Em 1932, outro membro desta família, Ludovina, vai para Belém do Pará, no Brasil, e é então que a receita ganha maior relevância. Para Ludovina, levar consigo receitas de casa e depois fazê-las num paradeiro distante era uma maneira de recuperar a família e Portugal da distância. De tal modo assim foi que, nas visitas à família em Arcos de Valdevez, o doce tornou-se presença constante. É por isso que Sidónia começa a fazer o bolo, por tradição, em dias de festa, conforma recorda a sua neta, Teresa Lobato. E é assim que chegamos à amiga e vizinha doceira mais conhecida do bolo de discos nos Arcos, Rosa Maria.
- Antes de Rosa Maria, o nome que davam a este doce era o bolo de claras e amêndoas, conforme consta no livro de receitas dos Ferreira de Araújo, ou, como Tereza Lobato sempre ouviu na família, bolo de camadas.
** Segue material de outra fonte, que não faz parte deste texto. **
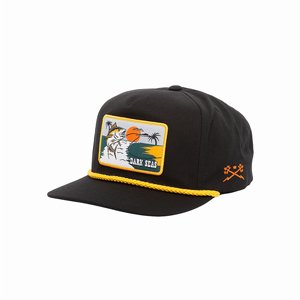 DARK SEAS CAP - HARBOR-HAT - BLACK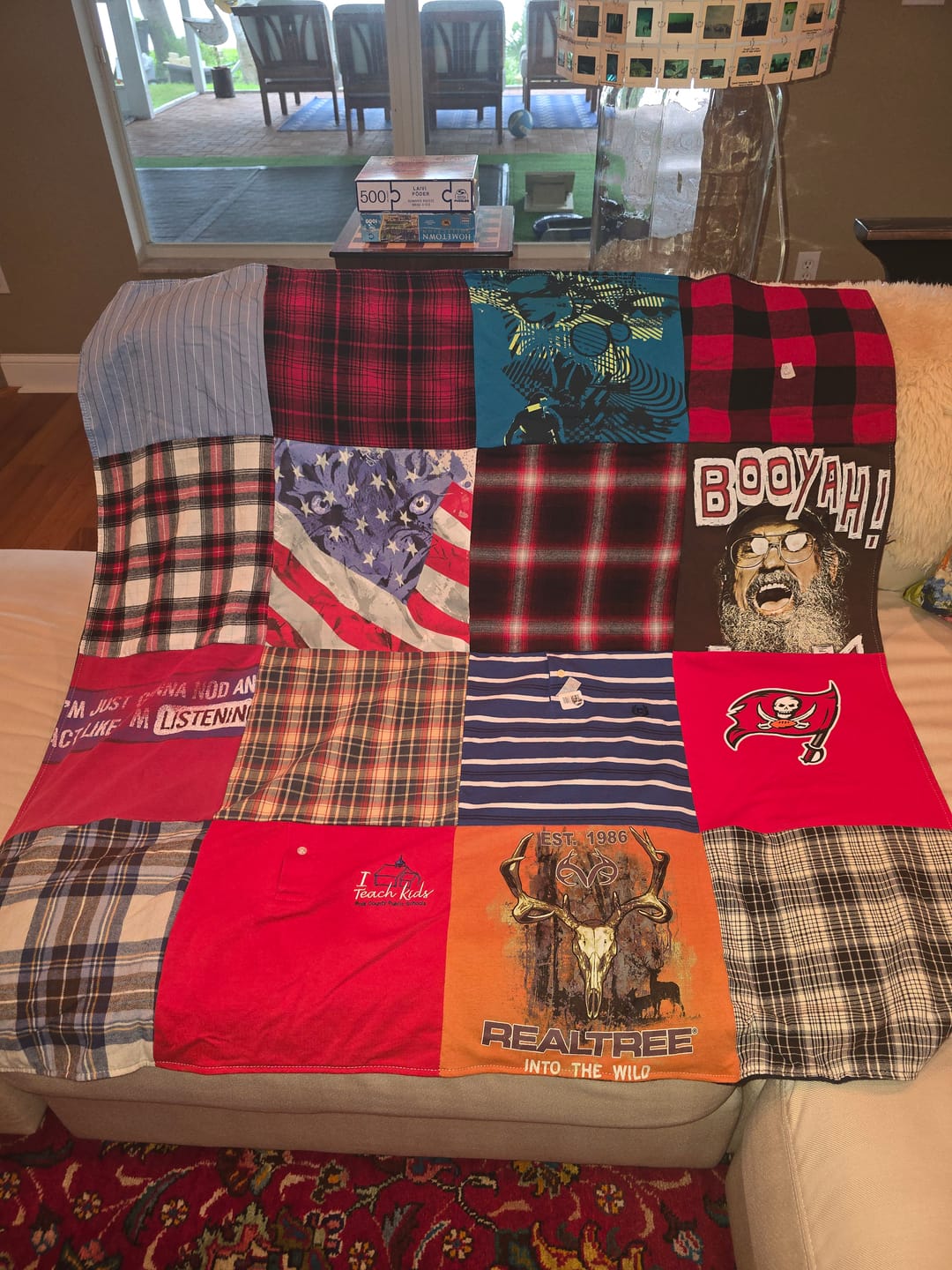 Customer photo review of Project Repat T-Shirt Quilt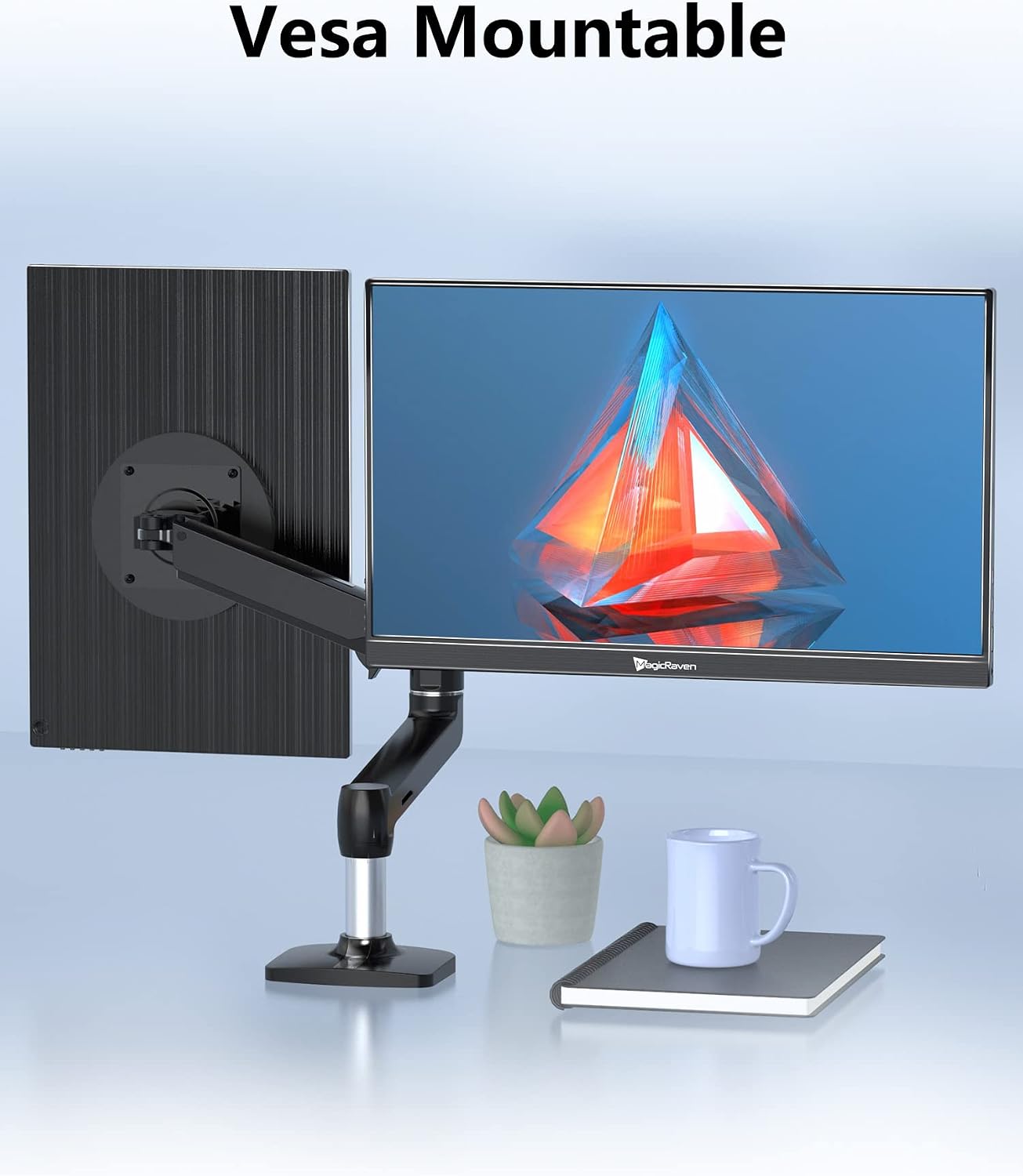 MAGICRAVEN 4K Portable Monitor, 16' 3840x2400 IPS Laptop Screen, 1500:1, 400 Nits Screen USB C HDMI Computer Gaming Display with Speakers & Smart Cover, Travel Monitor for PC Phone PS5/4 Xbox Switch
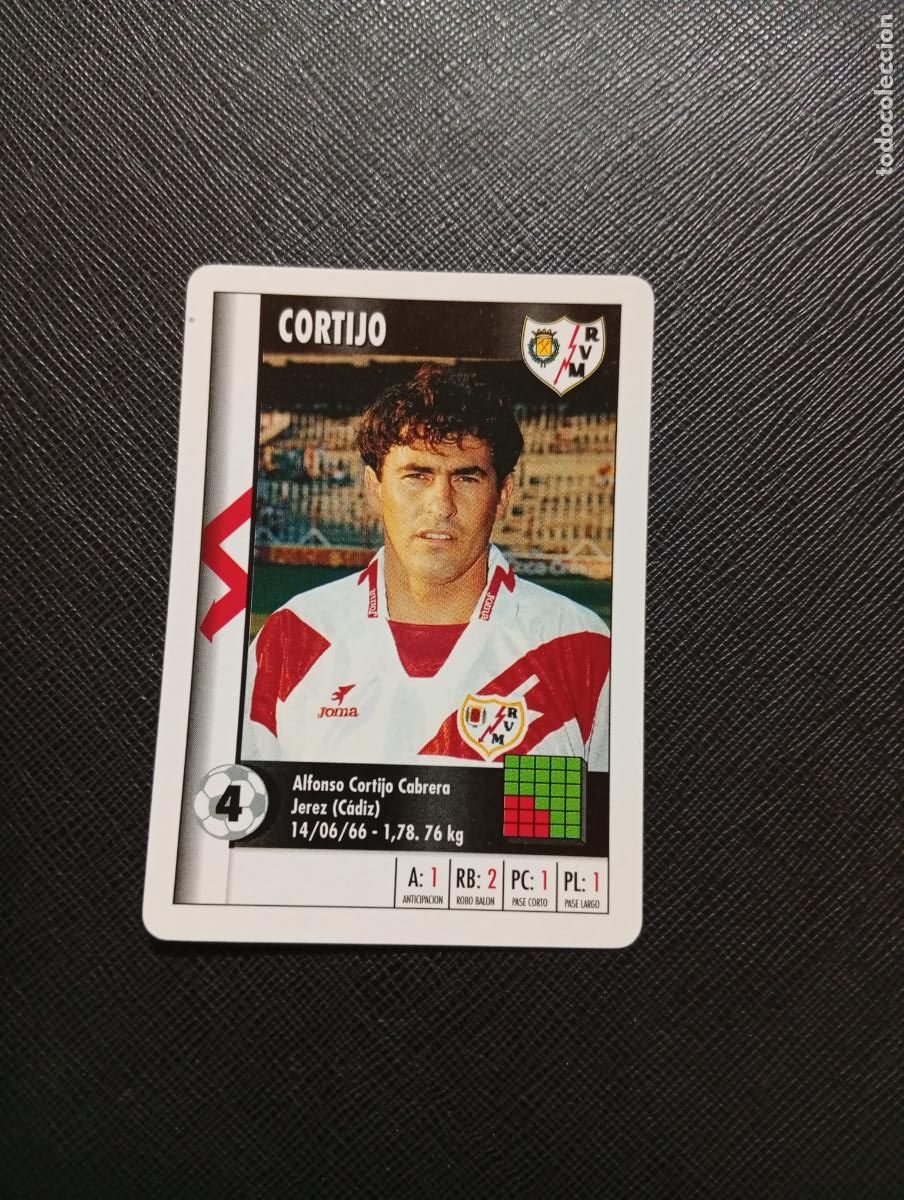 Football Stickers: 4 CORTIJO RAYO VALLECANO MARCA SUPER GOL 1995 1996 NAIPE SUPERGOL 95 96 FUTBOL - A119 PG91 B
Com efeito, é um doce composto por doze discos em camadas, cada um feito com, um merengue de amêndoa e claras em castelo, que vai ao forno a cozer numas formas rasas, redondas, com pega comprida (parecem pequenas raquetes de metal), mandadas fazer especialmente para este bolo. À parte, faz-se um doce de ovos a preceito e, de seguida, basta montar o bolo, aplicando o doce de ovos entre cada um dos doze discos. O último leva por cima uma generosa camada de açúcar em pó.
Entretanto, Rosa Maria alterou ligeiramente a receita para tornar o bolo menos calórico, mais equilibrado, e explicou-nos que o número de discos, doze, deve-se apenas ao facto de ser essa a quantidade ideal, segundo a experiência, para formar um bolo consistente que se possa fatiar e servir.